Em Cornélio Procópio, o trabalho de sua família era na plantação de café, onde os colonos estavam proibidos de sair da fazenda Santa Maria e, ao toque do sino, deveriam se recolher aos alojamentos até o dia seguinte.

SEM DOCUMENTO

Vittorio permaneceu por uma semana nessa fazenda e como não estivesse incluído no contrato de trabalho, podia sair daquele ambiente escravizador e respirar um pouco de liberdade. Inconformado com a vida no Paraná, que parecia pior que o pesadelo vivido em Goiás, decidiu procurar o irmão de seu pai que vivia na Argentina. Teve de permanecer em Uruguaiana por quatro meses, à espera de uma documentação que lhe permitisse cruzar a fronteira do Brasil com a Argentina.  

Ali enfrentaria novas dificuldades e passaria todo o tempo num quarto alugado, onde durante o dia precisava cozinhar a própria comida e, à noite, sem luz, era obrigado a dormir no chão, transformando os próprios sapatos em travesseiros.
Apesar do esforço, não obteve os documentos. Frustrado, mas pensando em novas saídas, viajou de trem por uma semana para reencontrar a família.

PEDREIRO

De volta à Cornélio Procópio, decidiu tomar outro rumo. Na fazenda Santa Maria não poderia continuar. Precisava pensar numa forma de levar a família para outro lugar. Resolveu trabalhar como pedreiro. Por indicação de um patrício, encontrou trabalho numa construção, onde chegava a assentar três mil tijolos por dia.
Não era um serviço fácil, mas o jovem tinha como meta economizar o dinheiro ganho, vislumbrando, assim, novos horizontes.

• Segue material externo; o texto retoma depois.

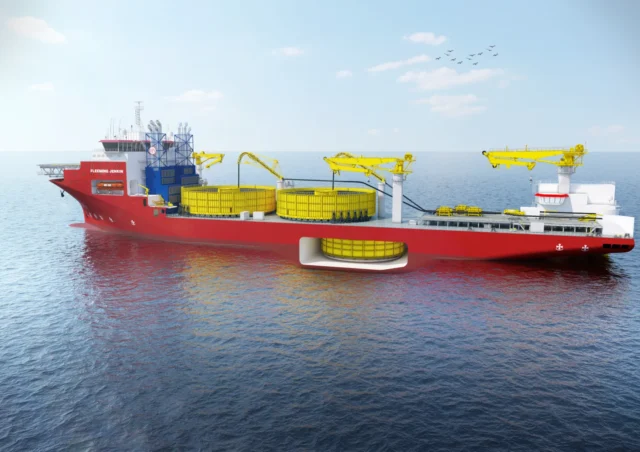 A ship laying an undersea communications cable at sea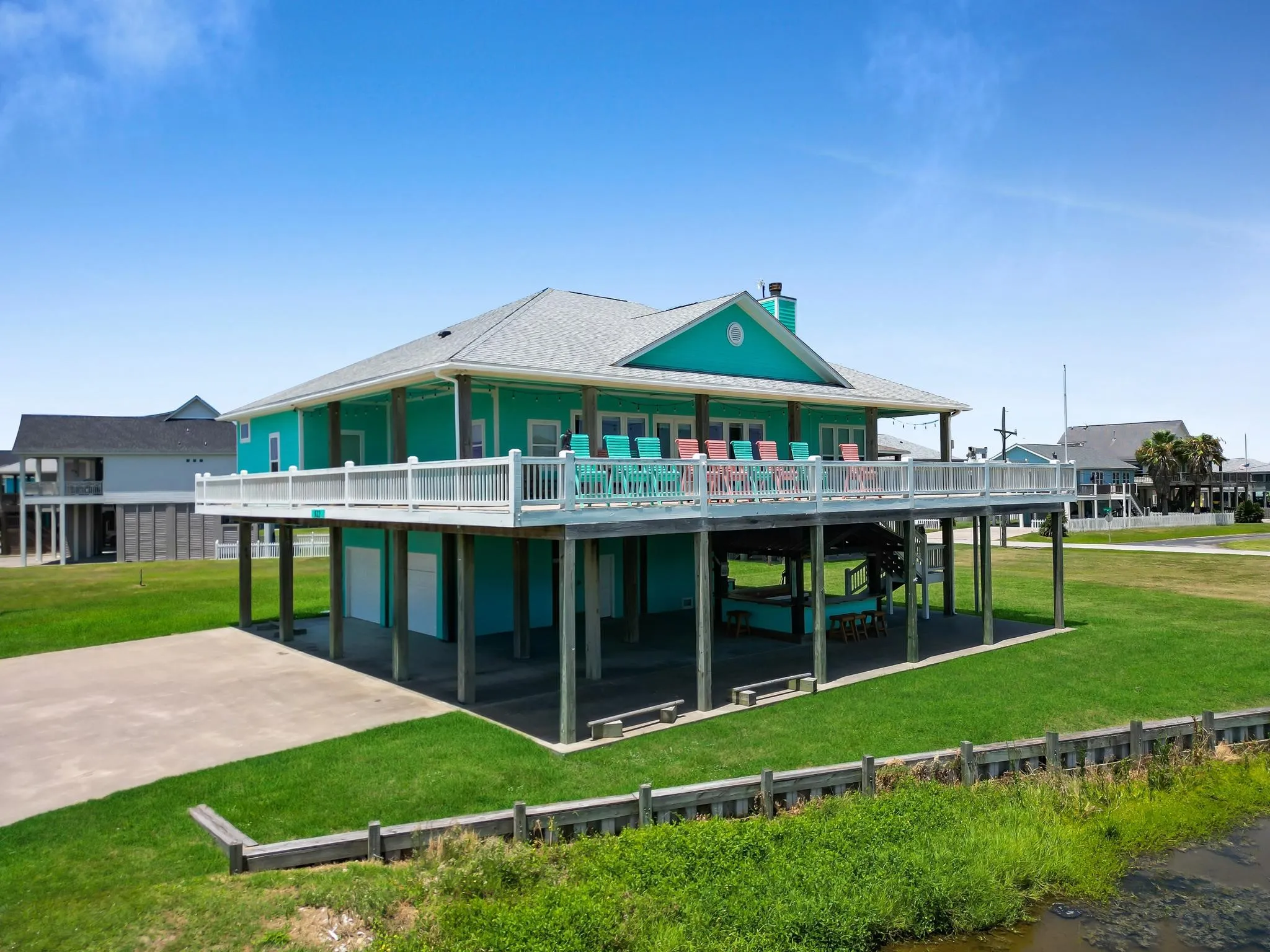 Elevated residence featuring a broad wrap-around deck, covered patio space, and a manicured lawn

Para não gastar, dormia na colônia, onde precisava conviver com animais peçonhentos. As refeições, fazia na casa de um colono e, aos domingos, era convidado pelo gerente, filho de italianos, para uma macarronada.

NA TERRA DO VINHO

Quando percebeu que guardara dinheiro suficiente Vittorio decidiu partir com a família. O destino era o estado de São Paulo. E a cidade, aquela que não lhe saía da cabeça desde a noite no trem, onde ouvira falar da Terra do Vinho. Partiram num caminhão de mudanças, alugado.

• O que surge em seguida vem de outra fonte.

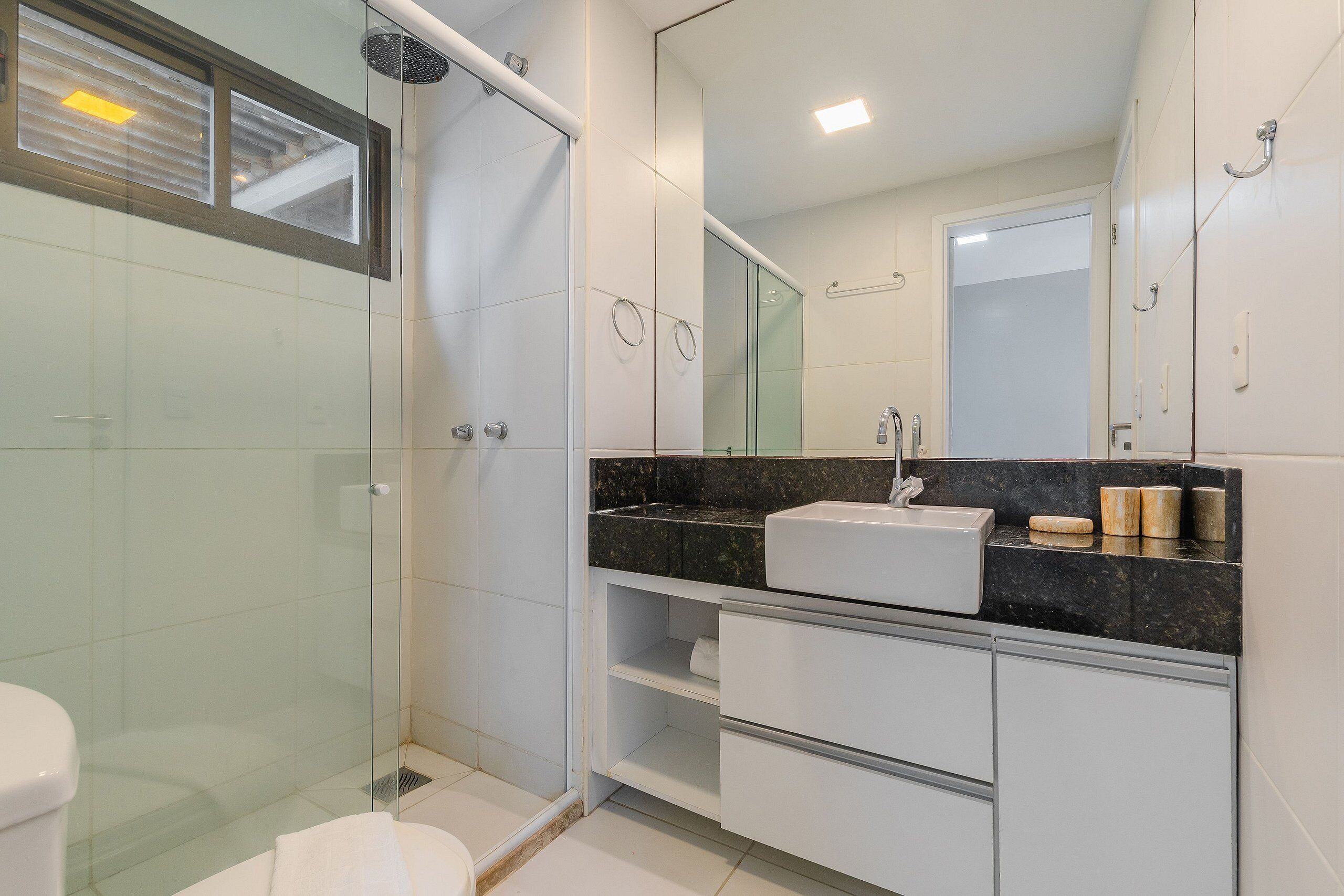 Een moderne badkamer met een douchecabine van glas, een witte wastafel en een grote spiegel.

A família Cerrone chegou em São Roque no ano de 1953. Vittorio, o filho mais velho, tinha apenas 24 anos e já enfrentara todo tipo de dificuldade.

Cerrone & Cia

Em São Roque, o pai Giuseppe e os filhos mais velhos começaram a trabalhar como pedreiros. E por conta própria. O sonho de trabalho de Vittorio sempre fora no ramo da construção civil. Em pouco tempo, abriram a firma Cerrone e Filhos, na rua São Paulo, onde a família residia. Essa firma foi responsável pela construção de diversas residências da cidade nos anos de 1950.

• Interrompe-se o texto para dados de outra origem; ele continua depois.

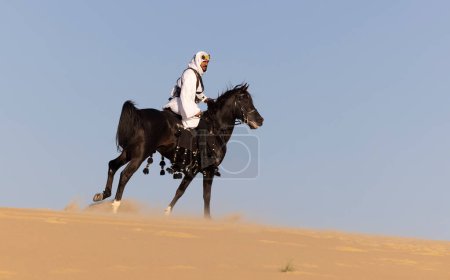 Téléchargez les photos : Arabe saoudien chevauchant son étalon noir dans un désert - en image libre de droit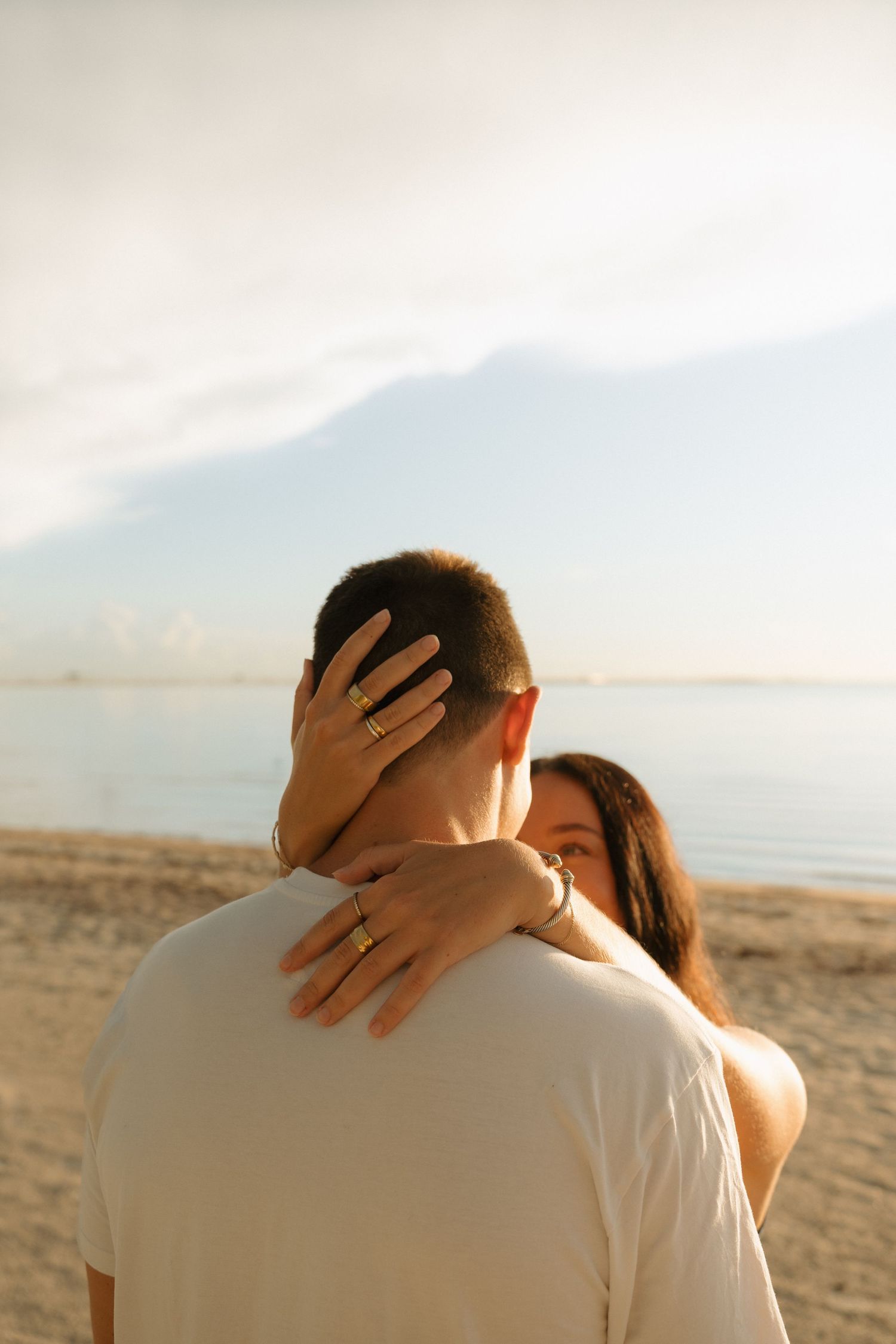 Couple embracing on a sandy beach at sunset, woman showing engagement ring while hugging man in white t-shirt.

A família Cerrone inaugurou, depois, um depósito de materiais de construção na avenida Tiradentes. A firma, já ampliada, passou a chamar-se Cerrone e Cia Ltda. E posteriormente, foi transferida para a avenida Enrico Dell’Acqua.

Vittorio Cerrone, mais tarde, abriria uma nova firma, a Cerrone Materiais de Construção, que empregou dezenas de funcionários são-roquenses.
Quem o conheceu empresário jamais o acreditaria pedreiro.

CIDADÃO SÃO-ROQUENSE

Por seu intermédio, outras famílias de imigrantes italianos instalaram-se em São Roque. Nessa cidade, casou-se com Osmil, uma brasileira, teve quatro filhas e hoje são cinco os seus netos. 

Vittorio Cerrone só voltou à Itália trinta anos depois da partida, quando a emoção transbordou em cada canto revisitado da terra natal, e no reencontro com cada amigo ou familiar que lá ficou.

A casa de pedra, por ele construída naquele sofrido tempo da  Segunda Grande Guerra, quando tinha somente 15 anos, estava lá, como a confirmar a saga dessa família de imigrantes italianos, agricultores da difícil região de Abruzzo, que realizaram, em São Roque, o sonho de fazer a América

Vittorio Cerrone, álbum de família
 
Em 2003, a Câmara Municipal entregou a Vittorio Cerrone o título de cidadão são-roquense. Desnecessário dizer que cidadão são-roquense ele já era desde o momento em que elegeu São Roque para instalar sua família. Já estava escrito naquela noite em que um trem da Sorocabana cruzou essas terras levando um jovem e determinado imigrante italiano.